The Commission is adopting § 49.21(a) and (b) as proposed. The Commission believes that the substantive requirements of §§ 49.20 and 49.21 (e.g., transparency of governance arrangements, consideration of an independent perspective, policies and procedures on conflicts of interest) appropriately mitigate SDR conflicts of interest, especially in conjunction with (i) non-discrimination requirements regarding access and fees; and (ii) limitations on disclosure and use of non-public information. In addition, § 49.21 simply requires an SDR to have policies and procedures to (i) identify, on an ongoing basis, existing and potential conflicts of interest; and (ii) make decisions in the event of a conflict of interest. Even assuming that the specified requirements resolve all current conflicts of interest, they may not be sufficient to address future conflicts. Thus, the Commission believes that having policies and procedures to resolve future as well as current conflicts is central to compliance with Core Principle 3. With respect to ABC/CIEBA's comment, the Commission believes that if an SD/MSP elects to report transactions at an SDR that it owns or governs, that action may constitute a SD/MSP conflict (presuming that such election does not serve the interests of its swap counterparties), but not an SDR conflict under Core Principle 3. The Commission will consider this comment in connection with its final rulemaking for Swap Data Recordkeeping and Reporting Requirements.[279]

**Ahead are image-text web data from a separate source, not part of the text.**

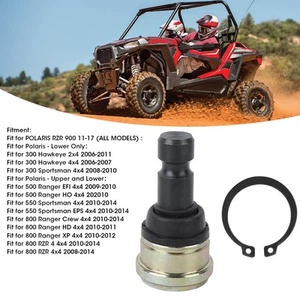 Ball Joint 7061220 7081580 Replacement Accessory Car For RZR 900 - Picture 1 of 12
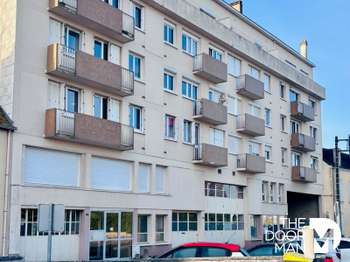 Vente appartement 5 pièces Laval 53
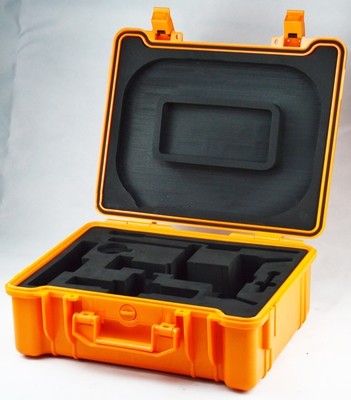 Quality Moisture Proof Plastic Storage Tools Custom Printed for sale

5. Core Principle Compliance

Both proposed § 49.20(d) and § 49.21(c) required the SDR's CCO to review the compliance of the SDR with Core Principles 2 and 3, respectively. The Commission received one comment letter discussing SDR and DCO core principle compliance. CME suggested that a DCO that is also registered as an SDR should be able to achieve compliance with SDR core principles by demonstrating compliance with applicable DCO core principles.[280] The Commission has considered CME's comment and maintains that DCOs which are SDRs are responsible for compliance with the SDR core principles. Should a particular DCO core principle be identical in its requirements to an SDR core principle, compliance with the latter could be demonstrated by showing compliance with the former.[281]

Start Printed Page 54567

E. Additional Duties

In addition to the core principles set forth above in section D, section 21(f)(4) of the CEA authorized the Commission to prescribe additional duties for SDRs for the purpose of minimizing conflicts of interest, protecting data, ensuring compliance and guaranteeing the safety and security of the SDR. In its SDR NPRM, the Commission proposed four additional duties that would require an SDR to (i) adopt and implement system safeguards, including BC-DR plans; (ii) maintain sufficient financial resources; (iii) furnish to market participants a disclosure document setting forth the risks and costs associated with using the services of the SDR; and (iv) provide fair and open access to the SDR and fees that are equitable and non-discriminatory. In connection with final part 49 regulations, the Commission has adopted only three of the four proposed additional duties pursuant to section 21(f)(4). The Commission has determined that the statutory authority for adopting proposed § 49.24 relating to system safeguards is properly and adequately established in section 21(c)(8) of the CEA, and this is not an additional duty imposed under the authority of section 21(f)(4). Accordingly, the Commission believes that it is unnecessary to use its discretion under section 21(f)(4) of the CEA to adopt § 49.24. A description of the three additional duties and related comments are discussed in turn below.

1. Financial Resources—§ 49.25

Proposed § 49.25(a)(1) required an SDR to maintain sufficient financial resources to fulfill its responsibilities as set forth in proposed § 49.9 and the core principles set forth in proposed § 49.19. As described in the SDR NPRM, the Commission believes that “requiring SDRs to maintain sufficient financial resources will help to ensure the protection of the swap data maintained by the SDR as well as the safety and security of the SDR.” [282]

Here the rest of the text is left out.